DEV Community: sqlrush

Fencing a node that doesn't know it's dead: pgrac build log #2

sqlrush — Thu, 18 Jun 2026 12:55:13 +0000

pgrac is an open attempt to rebuild Oracle RAC's core machinery (shared-everything storage, multiple active nodes all writing one database, a cluster-wide change number) on top of PostgreSQL 16. Build log #1 laid out the four problems that fight back. This one is about the problem that turns a node failure into silent data corruption, and the first, deliberately modest, layer pgrac ships against it.

The failure mode

In a shared-nothing cluster an evicted node is mostly harmless: it owns its own disks, so the cluster routes around it. In a shared-everything cluster the same event is dangerous, because every node writes the same storage. Picture the classic split: node 2 misses heartbeats, the cluster declares it dead and remasters its work elsewhere, but node 2 is not actually dead. It is frozen on a long GC pause, or its interconnect NIC flaked, and it is about to wake up and finish the write it started. Now two nodes believe they own the same blocks, and shared storage will accept both writes. That is not a crash. It is corruption you find three days later.

Oracle RAC's answer is I/O fencing: before remastering a dead node's resources, you make certain it can no longer touch the storage, with STONITH, SCSI-3 persistent reservations, or a hardware watchdog. The node is fenced at a layer below its own software, because the whole point is that you cannot trust the dead node's software to behave.

That hardware layer is real work, and it is not what pgrac built first. What it built first is the layer above it: an in-process cooperative write-fence, now default-ON. The rest of this is precise about what that does and does not buy you, because "we have fencing" is the kind of claim that is worth less than nothing if it is overstated.

A fence needs an authority everyone can agree on

You cannot fence on local opinion, because the whole problem is that the dead node disagrees about being dead. Authority has to live on durable, shared, quorum-backed storage.

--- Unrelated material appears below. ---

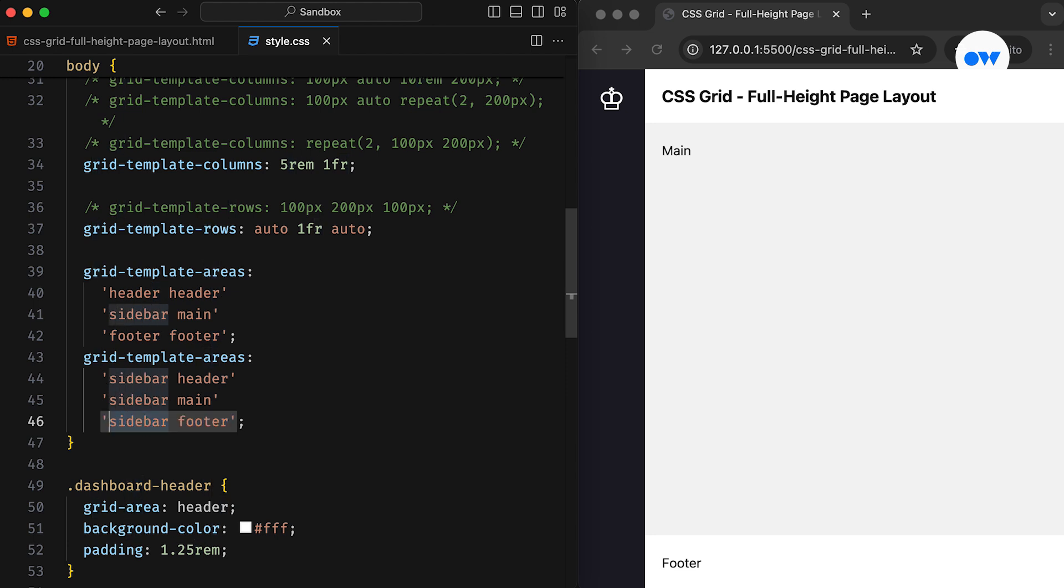Alternatively, the footer can expand across the entire last row. And this shows how easily we can adjust the placement of Grid items in a CSS Grid setup.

pgrac writes a small fence marker into the cluster's voting disks, the same disks used for membership. The marker is a compact tuple: a monotonic fence_epoch, a fence_generation tie-break, a fenced_dead_bitmap naming which nodes are declared dead, and the issuer's id, CRC-protected inside the voting slot. Reconfiguration bumps the epoch and submits the new marker. It is written to a quorum-majority of voting disks, and the reconfiguration proceeds only if a majority acknowledges. If the majority write fails, it fails closed: no event is published and no remastering starts. A minority of disks cannot amplify itself into an authority, because each disk preserves only its own marker, so a single stale disk cannot out-vote the quorum.

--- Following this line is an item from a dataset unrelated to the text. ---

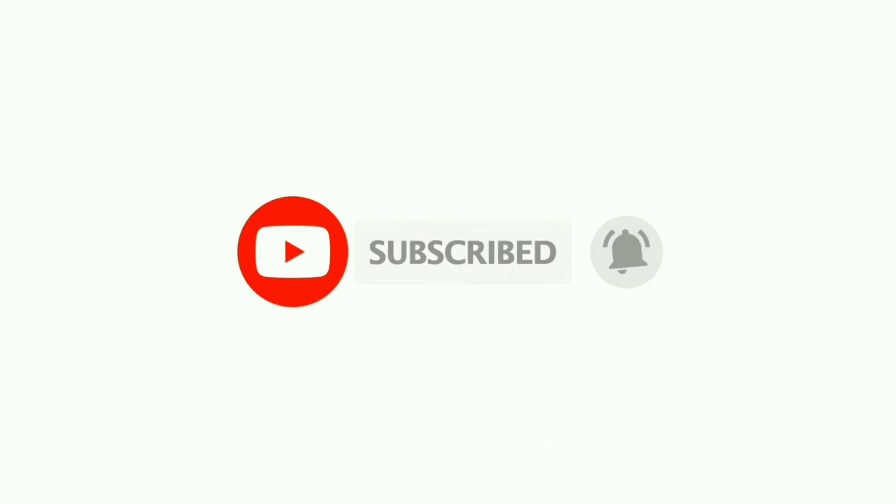So guys, it's a basic demo. If you have a query please comment, like and share and subscribe. Thank you very much.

Every node runs a poller (qvotec) that reads all voting disks every couple of seconds, keeps only CRC-valid markers, orders them by (fence_epoch DESC, fence_generation DESC), and recognizes an authority only when it sees the same marker on a majority of disks. That majority requirement is the split-brain guard. It is what stops two partitions from each minting their own truth.

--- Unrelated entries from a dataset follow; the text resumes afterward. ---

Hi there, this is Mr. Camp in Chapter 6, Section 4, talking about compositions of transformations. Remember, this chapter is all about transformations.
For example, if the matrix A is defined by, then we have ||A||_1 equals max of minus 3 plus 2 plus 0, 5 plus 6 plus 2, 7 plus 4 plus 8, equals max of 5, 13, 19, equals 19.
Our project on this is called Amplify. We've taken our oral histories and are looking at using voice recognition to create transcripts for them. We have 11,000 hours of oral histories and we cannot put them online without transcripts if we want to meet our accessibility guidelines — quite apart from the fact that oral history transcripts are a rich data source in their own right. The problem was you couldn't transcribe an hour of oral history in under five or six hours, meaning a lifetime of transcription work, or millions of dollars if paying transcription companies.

The hot path: check a token before touching storage

Consulting voting disks on every write would be absurd, so the poller distills the durable marker into a small local token in shared memory: the epoch this node is authorized for, a lease expiry, a self_fenced bit, and a copy of the dead bitmap. The write path consults only that token, through a pure, lock-free, allocation-free judge that is safe to call inside a critical section. A write is allowed only when:

enforcement_on
  && region_attached
  && epoch == authorized_epoch     // exact ==, not >=
  && now < lease_expire
  && !self_fenced

The == rather than >= is deliberate: a node holding a stale epoch is as dangerous as one explicitly fenced, so anything other than the exact current epoch is refused. Six storage entry points (create, unlink, extend, zero-extend, write, truncate) call this judge before writing shared storage. A fenced or stale node fails closed: ERROR 53R51 on the normal path, PANIC if it is caught in a critical section where it cannot safely back out. The lease makes silence safe: if a node is cut off from the voting disks and cannot refresh its token, the lease expires and the node fences itself. The safe default, when you have lost contact with the authority, is to stop writing.

Why default-ON was hard

The hard part was not fencing a dead node. It was not fencing a healthy one. Fail-closed-on-silence is correct, but it has a corollary: a healthy cluster, idle with nobody fenced, has no fence marker on the voting disks. No marker means the poller never refreshes the token, the lease expires, and every node fences itself, so the whole healthy cluster cannot write. The safety mechanism starves the happy path. That is why enforcement could not just be flipped on in the first cut.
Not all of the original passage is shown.